Note that polytonic accent marks will be used, and not monotonic accent marks. Both are de jure equivalent in Greece, but betacode was initially developed to encode classic works so the polytonic diacritics are more fitting. In other words, the oxeîa will be used rather than tónos. The oxeîa form can be converted to the modern accent form easily either through search and replace, or unicode normalization since oxeîa has canonical decomposition into tónos.

Conversion can also be made more strict by using the strict flag.

beta_to_uni(text, strict=False)

If set, only the cannonical order of diacritics is accepted in betacode. If it is not set, then any order is allowed as long as capital letters begin with a * and lowercase letters begin with the letter and not a diacritic.

Unicode to betacode

import betacode.conv

uni = 'αναλαβόντες δὲ καθ᾽ ἕκαστον'
betacode.conv.uni_to_beta(uni) # analabo/ntes de\ kaq\' e(/kaston

The unicode text can use polytonic (oxeîa) accent marks or monotonic (tónos) accent marks can be used.

Command line tool

The terminal commands beta-to-uni and uni-to-beta are provided with this package, that allow a conversion directly from the terminal. They are registered automatically when installing this package.
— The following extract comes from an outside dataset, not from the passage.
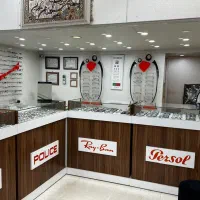 فروش دکور عینک سازی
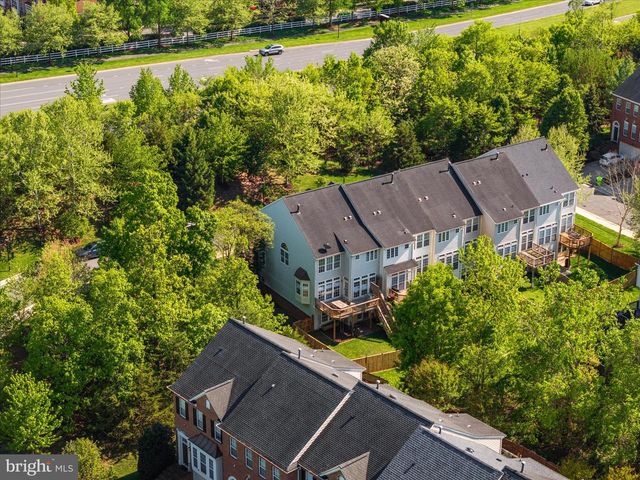 19209 KEPHARTS MILL TER, Leesburg, VA 20176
Usage:

$ beta-to-uni "h( morfh\ kai\ to\ ei)=dos to\ kata\ to\n lo/gon"   
ἡ μορφὴ καὶ τὸ εἶδος τὸ κατὰ τὸν λόγον

NB: It is possible to avoid the quotation marks in the conversion, but please note that some diacritical marks need to be escaped, because they are part of the shell script syntax:

$ beta-to-uni h\( morfh\\ kai\\ to\\ ei\)=dos to\\ kata\\ to\\n lo/gon
ἡ μορφὴ καὶ τὸ εἶδος τὸ κατὰ τὸν λόγον

Both commands also support a --input flag (abbreviated as -i), allowing for file input:

$ beta-to-uni --input some_input_file.txt

Since --input reads from stdin by default and the result is always returned to stdout, all sorts of command chaining are possible, e.g.:

$ beta-to-uni < some_input_file.txt > some_output_file.txt
$ echo λόγος | uni-to-beta
$ cat some_input_file.txt | beta-to-uni

Speed

The original implementation used a custom made trie. This maybe was not the fastest (I wasn't sure). So, I compared against a third party trie implementation, pygtrie. The pygtrie had nicer prefix methods which allowed for much faster processing of large texts. This changed converting all of Strabo or Herodotus in the Perseus catalog from a many minute operation to a ~3-4 second operation. I have seen implementations that use regular expressions which I suspsect might be faster since the underlying implementation is in C. However, this package is much smaller and simpler if betacode conversion is all that is needed than CLTK, for example.

Modified Betacode

There is talk of a modified betacode that I have seen around on the internet. I have never been able to find a definitive definition of this so I have not implemented it. Among some differences is word final sigma usage, _ as macron, and uppercase and lowercase roman letters instead of using *.

Development

I am no classicist, and this was done in my free time. It is very possible that there are some letters missing that are not accounted for, or some punctuation that is not properly handled. If that is the case, please tell me as it is easy to fix, or please open a PR for your own branch. Write tests if you do add a feature.